Patrick Duquette
Le Droit
Patrick Duquette
Dans le cas de jeunes adultes qui se cherchent, qui ne tripent pas sur l’école, quatre mois ressemblent à une éternité.
Dans le cas de jeunes adultes qui se cherchent, qui ne tripent pas sur l’école, quatre mois ressemblent à une éternité.

Décrochage pandémique

CHRONIQUE / Daniel Turmel a tiqué en entendant le ministre de l’Éducation, Jean-François Roberge, déclarer lundi qu’il fallait tout faire pour ramener les élèves à l’école.

Vraiment, monsieur le ministre?

La même journée, son fils de 18 ans, apprenait que le cours auquel il s’était inscrit pour la session d’automne à l’école des métiers Asticou était reporté… en janvier.

Raison invoquée par le centre de services scolaire des Portages-de-l’Outaouais (CSSPO): la pandémie.

«Eh bien, la pandémie a le dos large!» s’insurge M. Turmel qui ne digère pas, mais pas une miette, que l’annulation du cours d’Installation et de réparation d’équipement de télécommunication laisse son fils à court d’options intéressantes à moins d’un mois de la rentrée scolaire.

Daniel Turmel est enseignant à l’école secondaire Mont-Bleu.

Vous allez me dire: c’est rien, reporter un cours de quatre mois. Son fils se reprendra en janvier. Mais voilà, dans le cas de jeunes adultes qui se cherchent, qui ne tripent pas sur l’école, quatre mois ressemblent à une éternité. C’est amplement de temps pour perdre la motivation, pour décrocher de l’école à tout jamais…

«Je venais de débourser 462 $ pour de l’équipement demandé pour ce cours», laisse tomber M. Turmel. Qui ajoute d’une traite: «De toute manière, ce n’est pas ce qui me fâche, ce n’est pas une question d’argent. Je crois qu’il sera très difficile de ramener mon fils à l’école en janvier 2021, dix mois après le début de la pandémie…»

Son fils qui avait enfin trouvé un cours qui l’intéressait. Même que c’est la perspective de suivre ce cours de métier, cet automne, qui l’avait motivé à terminer son secondaire V. Et voilà que tout tombe à l’eau.

Daniel Turmel n’a pas digéré l’excuse de la pandémie invoquée pour annuler le cours. Vous allez comprendre pourquoi: il est prof à l’école secondaire Mont-Bleu. Depuis deux ans, depuis la fameuse tornade qui a incendié la polyvalente, depuis le déménagement forcé des élèves au centre Asticou, le personnel de Mont-Bleu s’arrange avec les moyens du bord. Les profs enseignent dans des locaux trop petits, avec pas de cafétéria…

Alors une pandémie, vous pensez bien, ce n’est pas une excuse qui va impressionner Daniel Turmel. Il a demandé des explications à la CSSPO. On lui a expliqué que la moitié des inscriptions au cours de son fils était des étudiants étrangers qui ne pourront se rendre au Canada en raison des restrictions. Il ne restait plus que quatre étudiants inscrits au cours, entraînant le report en janvier.

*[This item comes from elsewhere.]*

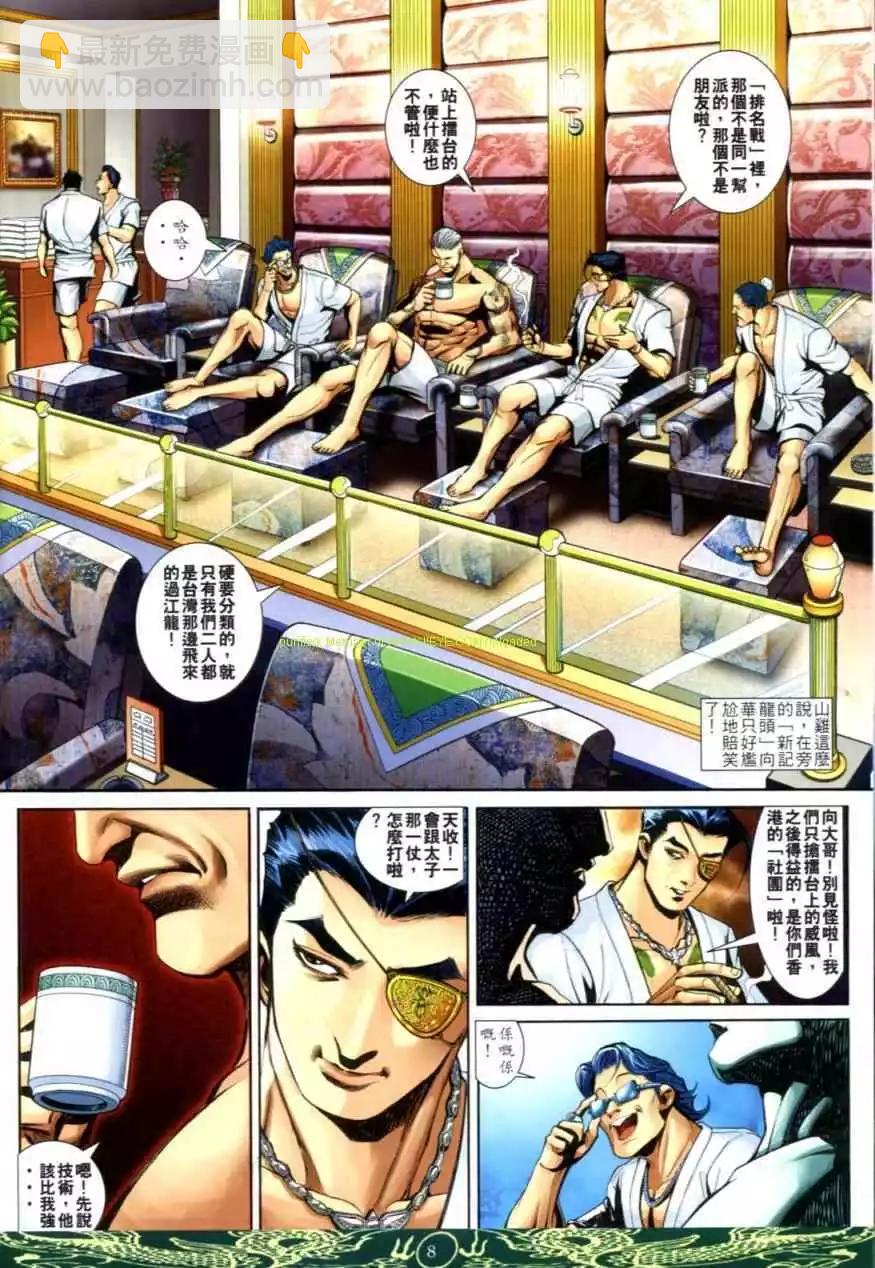 🍸古惑仔 第626卷 第5页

«Quand des élèves s’inscrivent en formation professionnelle, c’est précisé que le cours peut être annulé ou reporté, fait valoir Maude Hébert, porte-parole de la CSSPO. Si son fils est intéressé par une autre formation non contingentée, une inscription est toujours possible.»

Le ministre de l'Éducation, Jean-François Roberge

M. Turmel a vérifié: il reste de la place en carrelage, usinage ou carrosserie. Rien qui intéresse son fils. En conseil de famille, mardi soir, fiston a informé ses parents de sa décision: il met une croix sur l’école pour un an. Il va s’essayer dans le domaine de la construction.

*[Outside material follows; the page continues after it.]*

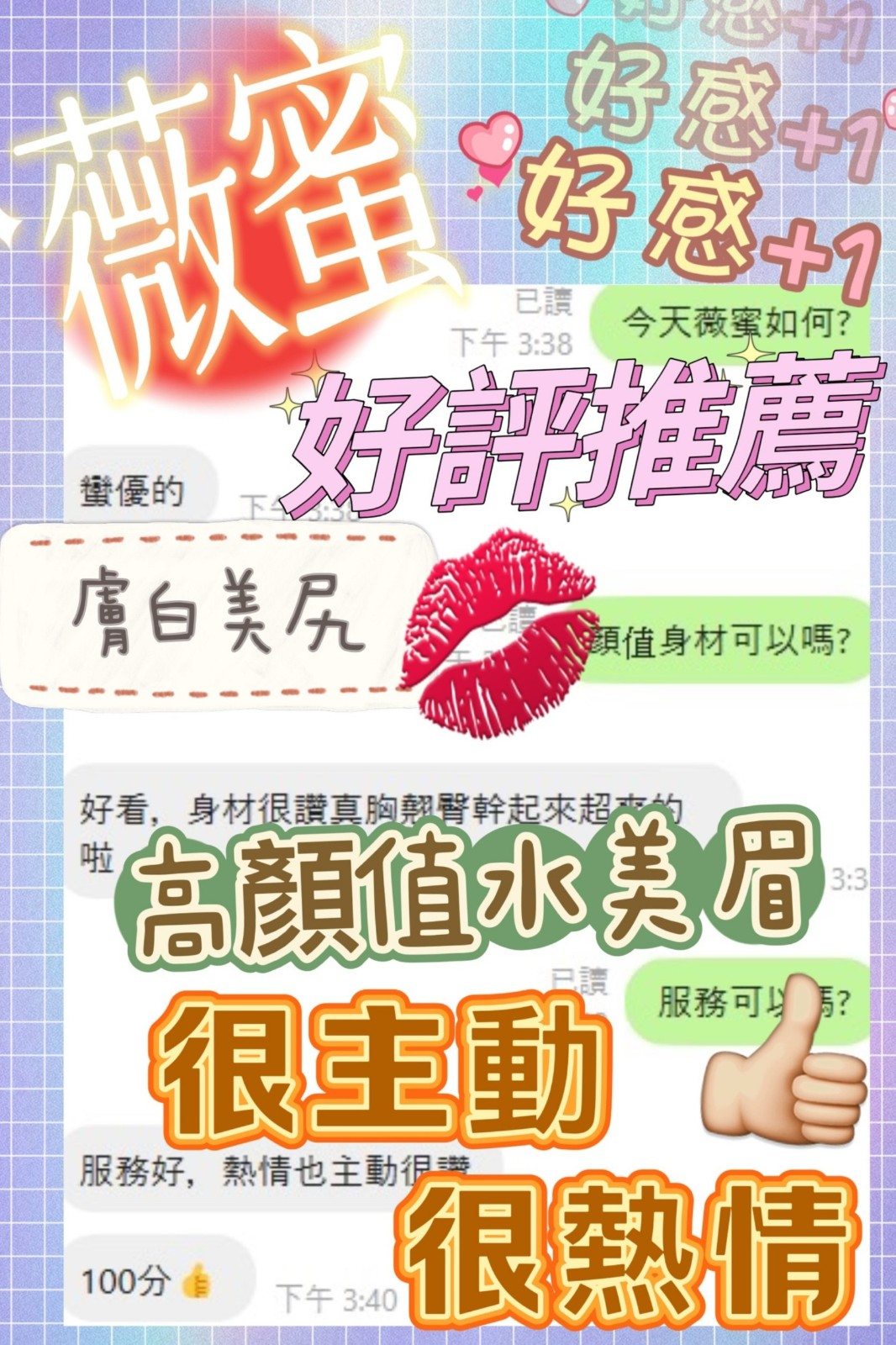 越南台中薇蜜定點圖片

En résumé, il lâche l’école. Peut-être de façon temporaire. Peut-être pas. L’avenir le dira. La question que se pose M. Turmel, que moi je me pose: est-ce que, comme le prétend le ministre Roberge, on fait tout, vraiment tout, pour ramener les élèves à l’école? Est-ce que des circonstances exceptionnelles ne justifient pas des mesures exceptionnelles pour éviter de tels décrochages?